Equal: In these games, both players have identical capabilities at the start of the game.  Hearts, Backgammon, and Monopoly. Chess almost gets there, but the differing placement of kinds & queens relative to other pieces within each side's army makes them technically different. I believe Shogi would qualify though, because as I recall, the board is identical on both sides. For the sake of not being a smart-ass, I'll consider turn order as being irrelevant when considering whether a game could be equal roles (going second does naturally lead to playing slightly more reactively).
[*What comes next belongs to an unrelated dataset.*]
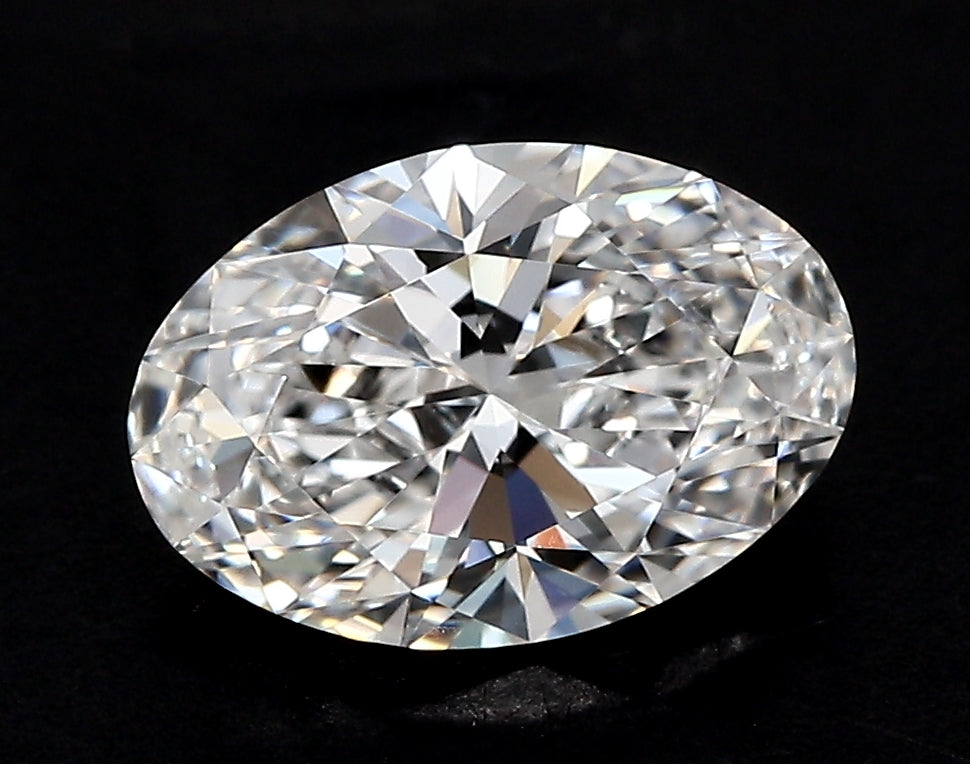 4.06 Carat Oval Lab Diamond with  Cut Diamond in 14KT  view 1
Set: Fighters almost universally embrace this.  You pick a character (role), every one has varying degrees of advantages & disadvantages. For the sake of clarity, Street Fighter 2 matches this while Super Street Fighter 2 Turbo does not with its ability to choose between new & old versions of the characters. This is effectively customizing the chosen character because the two characters are almost completely identical, though I'll admit part of it is my personal perception. To get to my first example, Chess fits in here as a "set role" game. Of course, if players select a mirror match in a fighter, then that effectively turns at least that match into an equal role because both sides have no difference in capabilities.
Custom: Everyone simply has a system of how they are allowed to customize their roles. Dungeons & Dragons fits this as does any collectible game like Magic: the Gathering (your deck would be your role). Super Street Fighter 2 Turbo would fit here, although it's probably the lowest possible example. Capcom Vs. SNK 2 would be a more obvious example with customizing teams, character strength within teams, gauges used, and custom gauges if people are willing to make them usable (I don't know if tournaments allow them, probably not).
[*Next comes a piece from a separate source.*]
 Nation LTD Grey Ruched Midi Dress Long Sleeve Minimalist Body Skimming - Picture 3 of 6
Having looked over these 3 levels, I think I prefer set roles first, then equal roles. It's nice to be able to customize, but too much customization potential easily makes for a small number of really powerful things without much variety. With set role games, I can at least have decent faith that the designers put in enough playtesting that no option dominates the game overall. Of course, less playtesting is needed for an equal role game because the focus is entirely on the system, not the roles.